DATA EXTRACT -

┄┄┄┄┄┄┄┄┄┄

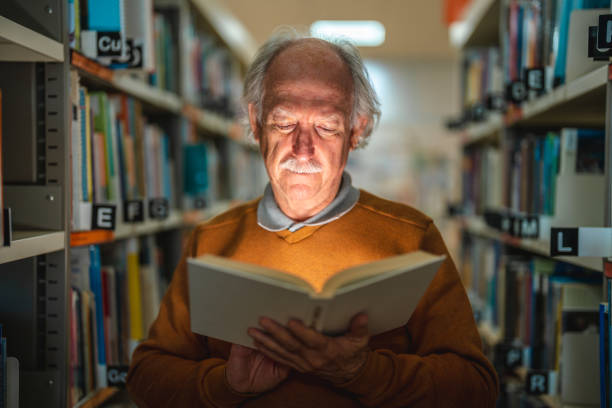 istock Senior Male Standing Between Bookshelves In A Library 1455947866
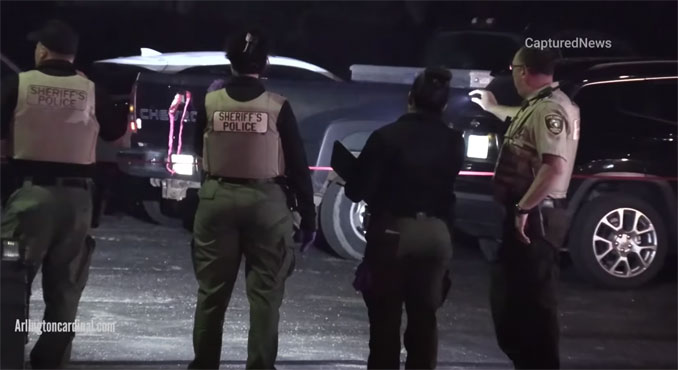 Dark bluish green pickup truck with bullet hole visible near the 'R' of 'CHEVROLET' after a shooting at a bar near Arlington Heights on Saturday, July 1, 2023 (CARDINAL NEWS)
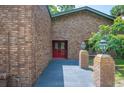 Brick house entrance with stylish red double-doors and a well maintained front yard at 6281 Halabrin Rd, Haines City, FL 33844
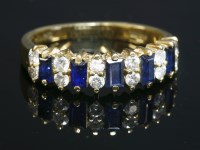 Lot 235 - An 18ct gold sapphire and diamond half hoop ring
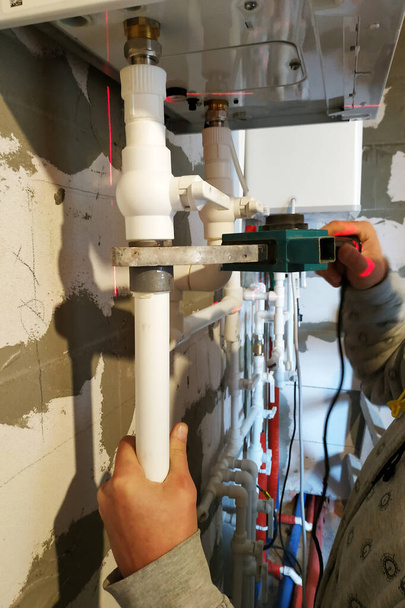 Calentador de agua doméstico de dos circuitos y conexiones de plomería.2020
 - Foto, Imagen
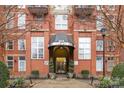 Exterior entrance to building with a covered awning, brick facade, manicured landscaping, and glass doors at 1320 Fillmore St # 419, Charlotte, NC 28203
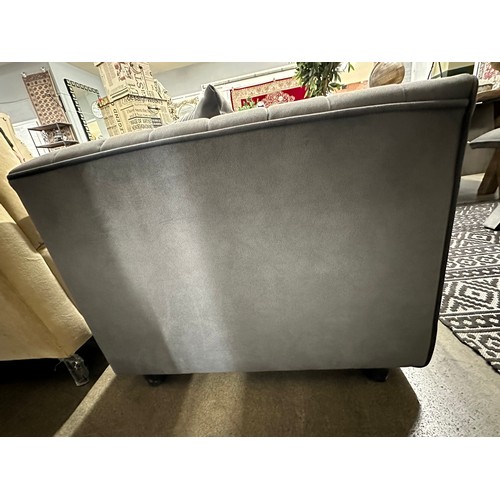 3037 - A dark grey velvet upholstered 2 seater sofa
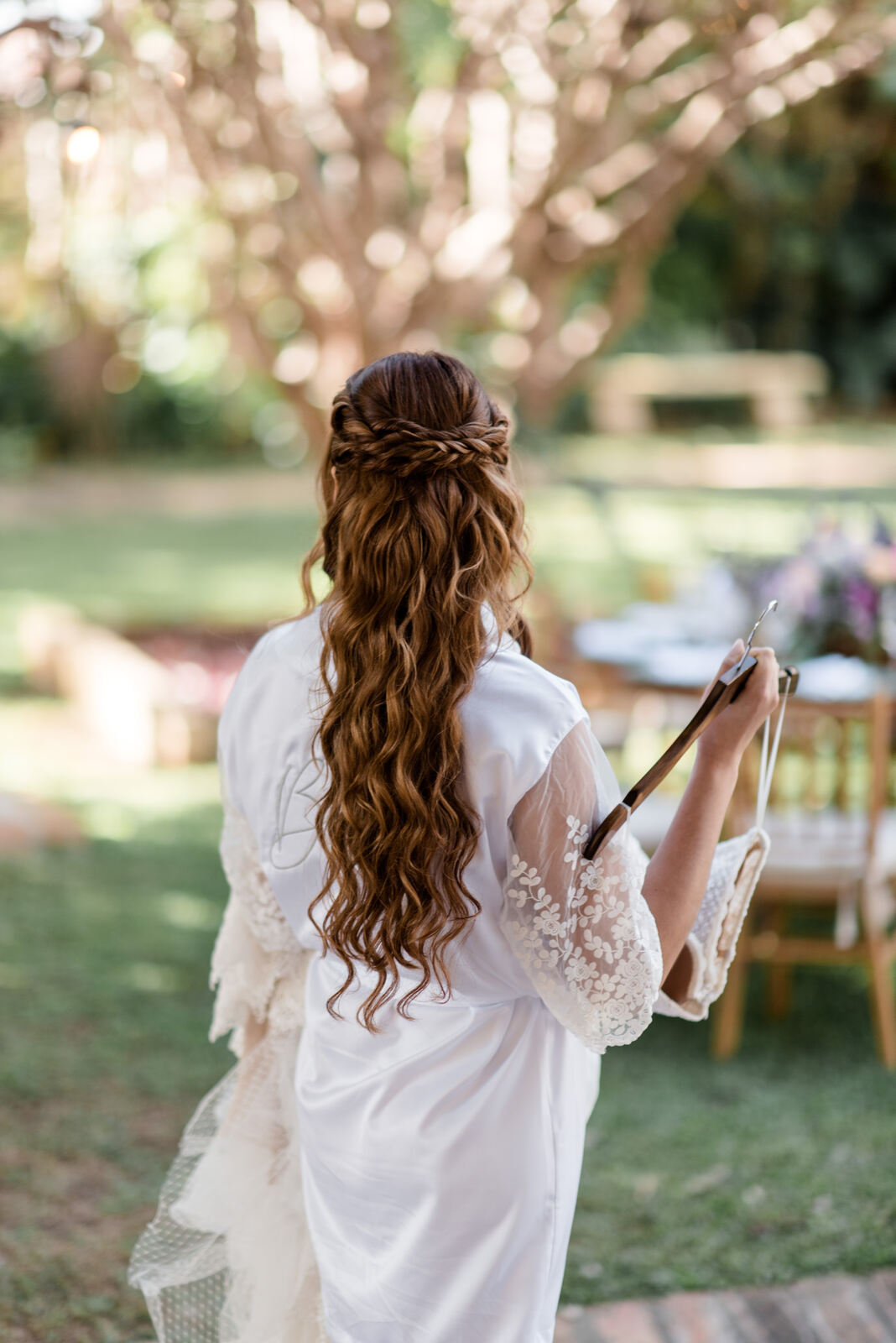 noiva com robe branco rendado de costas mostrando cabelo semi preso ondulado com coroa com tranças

┄┄┄┄┄┄┄┄┄┄

EXERCISE -
Only the lines between the one containing "Dark bluish green" and the last line of the listing above, both included, should be written out, exactly and without pictures.

REPLY TO THE TASK -
 Dark bluish green pickup truck with bullet hole visible near the 'R' of 'CHEVROLET' after a shooting at a bar near Arlington Heights on Saturday, July 1, 2023 (CARDINAL NEWS)
 Brick house entrance with stylish red double-doors and a well maintained front yard at 6281 Halabrin Rd, Haines City, FL 33844
 Lot 235 - An 18ct gold sapphire and diamond half hoop ring
 Calentador de agua doméstico de dos circuitos y conexiones de plomería.2020
 - Foto, Imagen
 Exterior entrance to building with a covered awning, brick facade, manicured landscaping, and glass doors at 1320 Fillmore St # 419, Charlotte, NC 28203
 3037 - A dark grey velvet upholstered 2 seater sofa
 noiva com robe branco rendado de costas mostrando cabelo semi preso ondulado com coroa com tranças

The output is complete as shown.